Both the Crank and Franks more or less conclude that, on its face, the Espionage Act applies to Rove’s reported conduct.
The Crank points out that proving some if its elements in open court might compound the damage to national security, and that the risk of damage might deter prosecution. In other words, Rove and his co-defendants might be able to practice “graymail.” That’s a fair point, but my understanding is that the Reagan-era anti-graymail laws work pretty effectively.
The Crank also raises an excellent point that I should have mentioned: since the IIPA covers some of the same territory already covered by the Espionage Act, do the IIPA provisions in effect narrow what would otherwise be the scope of the EA?
He’s surely right that my broad reading of the EA would make the IIPA almost, or perhaps entirely, redundant: virtually no case could be brought under IIPA that couldn’t equally well be brought under EA. (“Why, then, would Congress have passed it?” I hear you ask. “Because,” I reply, “Congressfolk wanted a chance to vote against Counterspy, but the civil liberties lobby was strong enough back then to insist that the new law be strictly limited in scope.”)
But the courts are reluctant to find that one law repeals another unless the law says as much, and IIPA nowhere refers to EA.
The Crank reads the caselaw as tightening the scienter requirement of the statute in a way that would allow Rove to claim that he didn’t know Plame’s identity as a CIA officer was classified, or that, if it was, he didn’t have reason to believe that disclosure could be used to damage the country. Again, maybe that’s right, but the law uses the term “willful” only with regard to the communication itself, not to the belief that it might be damaging. And, as the Crank notes, the case he relies on preceded a Congressional amendment greatly weakening the scienter requirement from “reason to believe the information is to be used” to “reason to believe the information could be used.” The Crank doesn’t consider the question whether classification in itself constitutes “reason to believe” that information if released would be damaging.
The Crank and Franks argue — and I agree — that, as written, the Espionage Act is overbroad as a matter of policy, especially because it criminalizes the receipt of damaging information as well as its leakage, thus threatening reporters with prosecution.

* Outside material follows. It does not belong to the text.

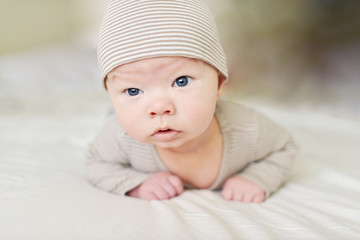  baby   keeps his head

Franks imagines that a prosecution of Rove under the Espionage Act would rally the press to his side, out of fear that the Espionage Act could become in effect an Official Secrets Act. (I would note that the reporters in question would have a very strong defense on the element of “reason to believe;” they don’t have security clearnances, and they would have no reason to suspect that information given them freely by a senior official was likely to be damaging if published.)
Surely, if prosecutors overused the law, and in particular if they used it to prosecute reporters for publishing accurate information, they could lose the law, either to a Supreme Court decision on First Amendment or vagueness grounds or to Congressional action to cut back its overbreadth. The same is true of the false statements law (18 U.S.C. 1001), which if read literally would criminalize most lobbying, PR work, and campaign oratory.
But the Crank and Franks both write as if the damage done by the White House revelation of Plame’s identity were an open question. It is, of course, in political and blogospheric terms. But those who have actually seen the evidence evince no such doubt. Fitzgerald — a career prosecutor who was chosen for his job as U.S. Attorney by a very conswervative Republican Senator and for his role as special prosecutor by Bush’s own Deputy Attorney General — obviously thinks he’s prosecuting serious crimes. So did the people in the CIA who made the criminal referral. So does Judge Hogan. So did the appeals court judges who heard the case, and in particular Judge Tatel.
If the Espionage Act is used to punish a serious breach of security which compromised intelligence sources and methods in regard to weapons of mass destruction, and is used to prosecute officials rather than reporters, I think it highly likely that a jury and appellate judges will hold still for that, and that the non-Murdoch press will sympathize with the prosecution and not the defense.
In general, I disapprove of passing laws that put excessive reliance on prosecutorial discretion. I wouldn’t mind seeing both EA and 1001 cut back to size (or RICO, for that matter). But the courts have tolerated such laws as long as the prosecutors have in fact remained discreet about their use. And if ever a case called for Espionage Act prosecution, this is that case.
I’m grateful to Tom Maguire for his concern about my hair, for paying attention to this issue, and for inducing some of the folks on his side of Blogland to do the same. So far the GOP spin that this case is about IIPA or nothing remains dominant in the mainstream press.